また、実施例5からわかるように、溝の本数を8本とすると、つららの大きさが他の実施例、比較例よりも大きくなって「中」となっていた。この「中」のつららの大きさは、アトマイズの実施に支障を来たす大きさではないものの、溝の本数を8本より多くすると、アトマイズの実施に支障を来たすほどのつららの成長が起こる可能性があると思われる。
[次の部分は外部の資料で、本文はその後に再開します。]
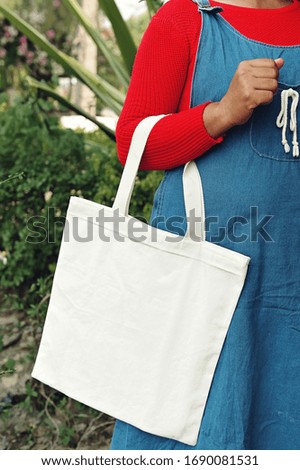 woman holding tote bag with green leaf background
したがって、溝の本数は8本以下とするのが好ましいと考えられる。
溝の形状にもよるが、総じて、溝の本数を4本にすると、磨耗長さが短くなり、かつ、つららの成長も過大にならないようであり、溝の本数は4本が最適と思われる。
10…アトマイズ用ノズル
12…ノズル基部
12A、12C…貫通孔
12B…下端部
14…ノズル先端部
14A…貫通孔
14B…直管部(管状体)
14C…溝
14D…先端
14E…大径部
16…スリーブ
40…ルツボ
40A…底面部
40B…貫通孔

Claims (15)

  1. 溶融金属が流れ出る管状体を備え、該管状体の先端部にガスが吹き付けられてアトマイズを行うアトマイズ用ノズルにおいて、
    前記管状体の外周面に2本以上の溝が該管状体の長手方向に設けられ、かつ、該溝は該管状体の管厚方向に貫通していないことを特徴とするアトマイズ用ノズル。
  2. 請求項1において、
    前記溝は、前記管状体の先端から設けられていることを特徴とするアトマイズ用ノズル。
  3. 請求項1または2において、
    前記溝は、前記管状体の先端側ほど深くなっていることを特徴とするアトマイズ用ノズル。
  4. 請求項1〜3のいずれかにおいて、
    前記溝は、前記管状体の外周面の円周方向に均等に設けられていることを特徴とするアトマイズ用ノズル。
  5. 請求項1〜4のいずれかにおいて、
    前記溝の本数が8本以下であることを特徴とするアトマイズ用ノズル。
  6. 請求項5において、
    前記溝の本数が4本であることを特徴とするアトマイズ用ノズル。
  7. 請求項1〜6のいずれかにおいて、
    前記溝の幅の前記管状体の外径に対する比が、0.01〜0.15であることを特徴とするアトマイズ用ノズル。
  8. 請求項1〜7のいずれかにおいて、
    前記溝の幅が0.1mm以上1.25mm以下であることを特徴とするアトマイズ用ノズル。
  9. 請求項8において、
    前記溝の幅が0.75mm以上1.25mm以下であり、前記溝の断面形状が略三角形であることを特徴とするアトマイズ用ノズル。
  10. 請求項1〜9のいずれかにおいて、
    前記アトマイズ用ノズルは、前記管状体の内周面側に該管状体の内周面を保護するスリーブを備えることを特徴とするアトマイズ用ノズル。
  11. 請求項10において、
    前記スリーブには、ジルコニアが用いられていることを特徴とするアトマイズ用ノズル。
  12. 請求項1〜11のいずれかにおいて、
    前記管状体には、窒化ホウ素が用いられていることを特徴とするアトマイズ用ノズル。
  13. 溶融金属が流れ出る管状体を備え、該管状体の先端部にガスが吹き付けられてアトマイズを行うアトマイズ用ノズルにおいて、
    前記管状体の内周面側に該管状体の内周面を保護するスリーブを備え、
    更に、前記管状体の外周面に2本以上の溝が該管状体の長手方向に設けられ、かつ、該溝は該管状体の管厚方向に貫通していることを特徴とするアトマイズ用ノズル。
  14. 請求項1〜13のいずれかに記載のアトマイズ用ノズルを用いて、溶融金属に対してガスアトマイズを行うことを特徴とする金属粉末の製造方法。
  15. 請求項14において、
    前記溶融金属は、Crを20at%以上含むCo−Cr系合金であることを特徴とする金属粉末の製造方法。